On "survival mode"...
Seems I used this analogy not too long ago. To medicate a cold, or not to medicate? Either way it will heal in about the same time.
Well, this time it’s about new babies. As it turns out, the
same rule applies here. You can either try a myriad of remedies, or you can
wait until it goes away. This is true about things like post-partum healing, learning
to breastfeed, learning basic newborn care, and baby sleep habits.
-Once you’ve figured out how to sit comfortably, you’re
almost better.
-Once you’ve found the perfect nursing garment, you’re used
to doing it in regular clothes.
-Once you’ve figured out how to entertain the baby while
changing his diaper, he’s not scared of it anymore.

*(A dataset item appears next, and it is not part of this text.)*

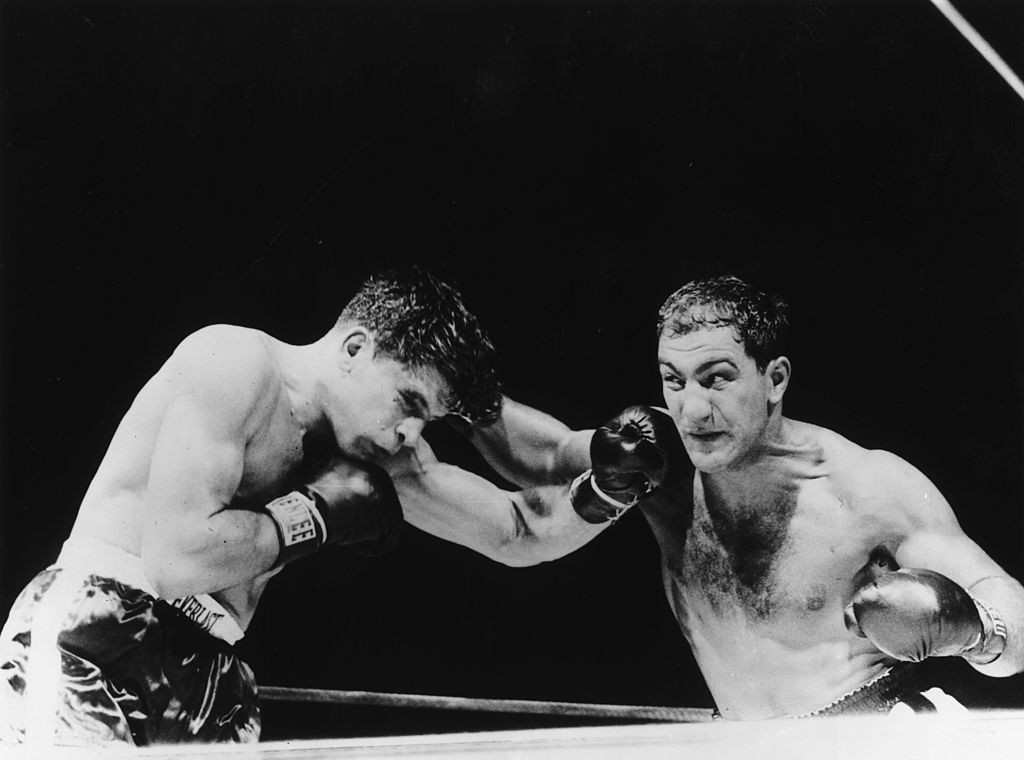 Rocky Marciano, right, became the only world heavyweight boxing champion to retire unbeaten in 1956 after a sequence of 49 victories ©Getty Images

And then with sleeping, babies seem to be ready at various
ages for sleeping longer stretches at night. Do all the routines, swaddling, “sleep
training,” and other advice make a difference?
It was really helpful to hear about newborn babies not being susceptible to "habits" or "spoiling." While I don't know about the science behind it, it was nice to know that if we just did whatever worked for those first few months, we wouldn't be stuck with those particular routines.

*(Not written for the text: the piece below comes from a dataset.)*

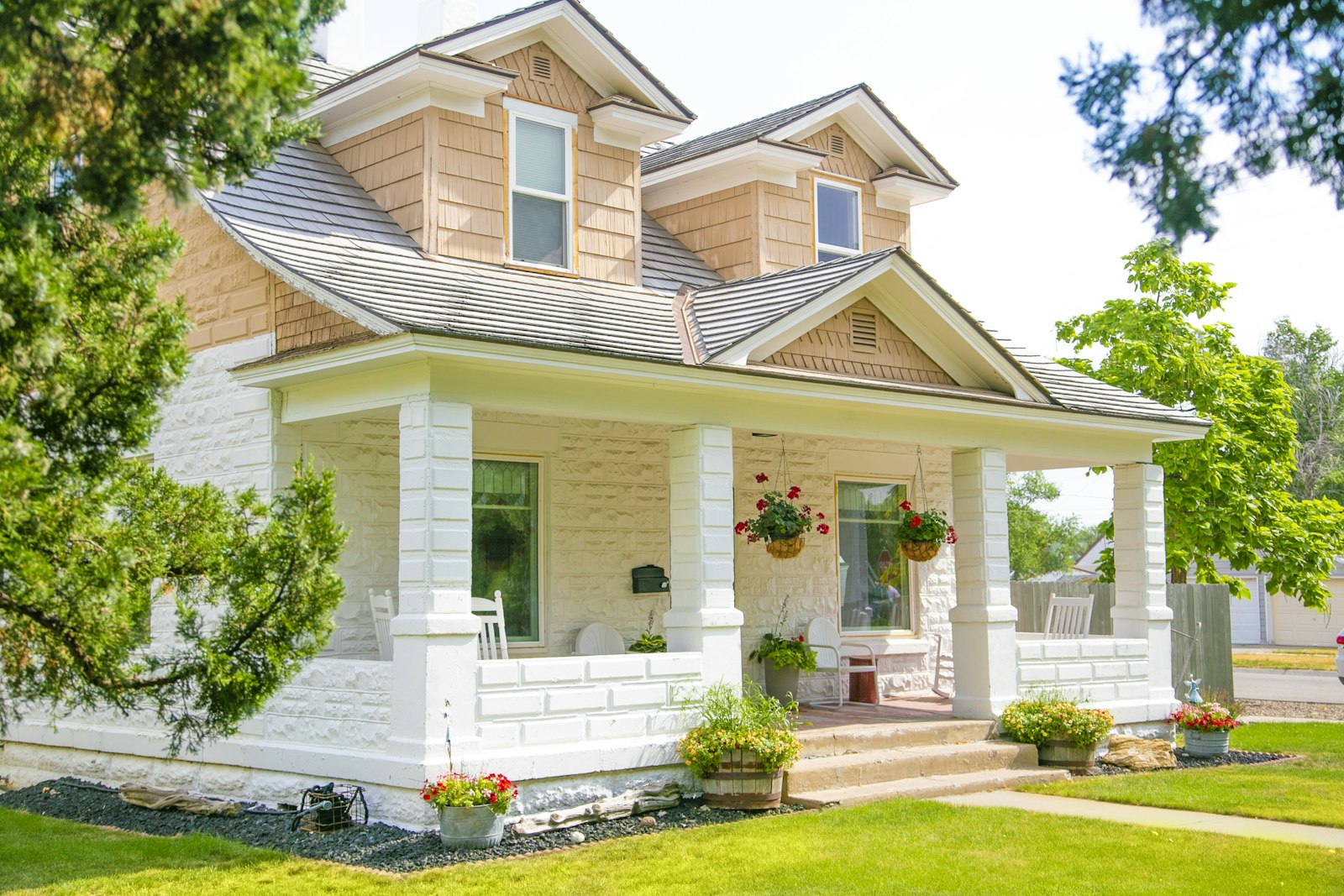 White craftsman front porch with hanging flower baskets and a spotless floor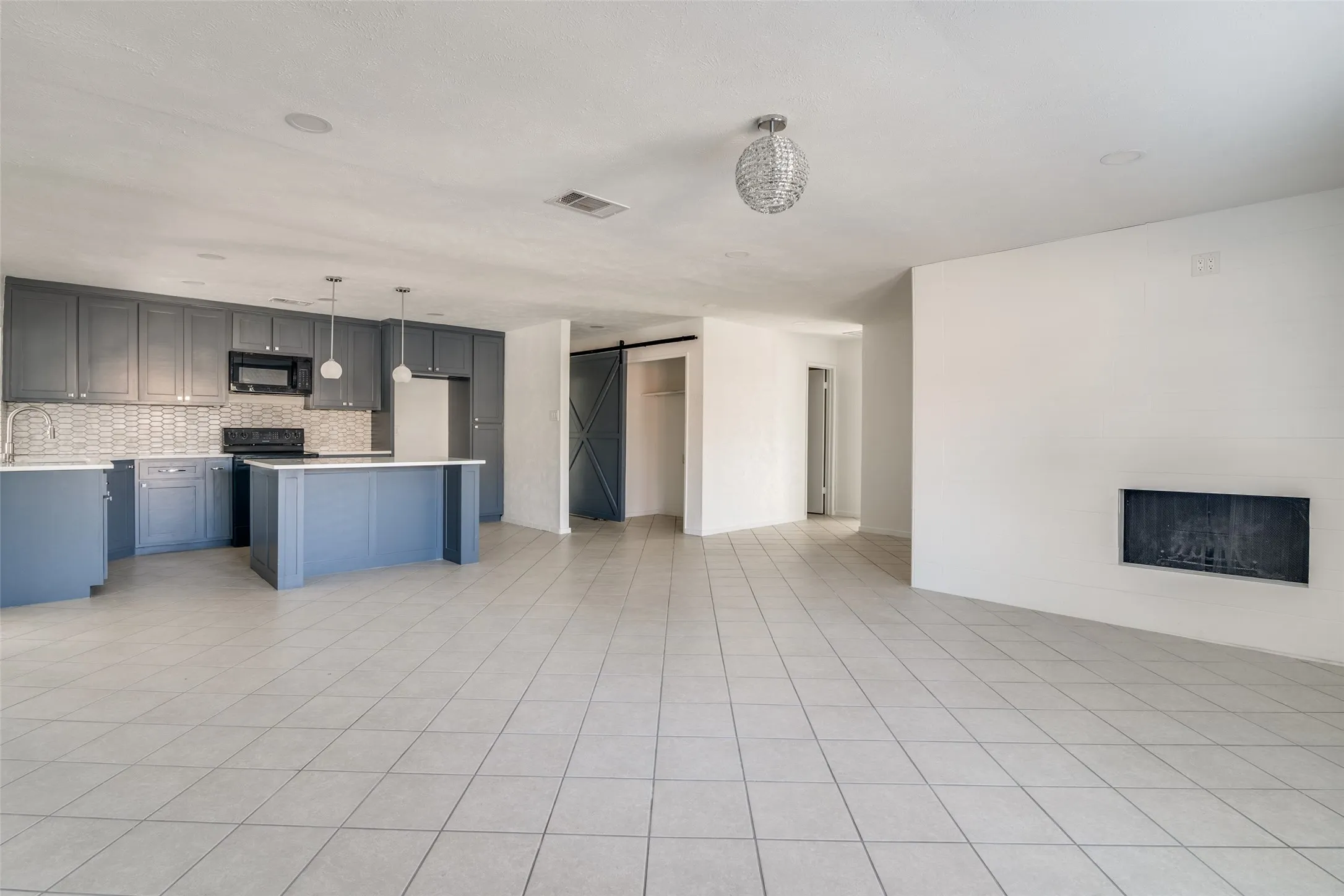 Kitchen featuring gray shaker cabinetry, a tile backsplash, an island, and pendant lighting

I read a lot in those forums about what everyone's bedtime tricks are. After a few days of giving David a bath at different times (it made him hyper), trying to give him opportunities to nap more (to avoid him getting overtired) or less (to tire him out), talking to him quietly as it got later (he would giggle), trying to keep lights and noise down (he would usually end up on our laps in the fully lit kitchen as we tried to eat dinner), we didn't notice any real patterns. He would still wake every 3 hours or so at night. So we just went with the flow and eventually one day I woke up to my alarm instead of the baby and realized that he had slept for a long stretch.
Just like when you're pregnant and nibbling on crackers and the unborn baby is growing in leaps and bounds, the same happens here. As long as the baby's basic needs are met, he grows and develops, mainly without any help from us!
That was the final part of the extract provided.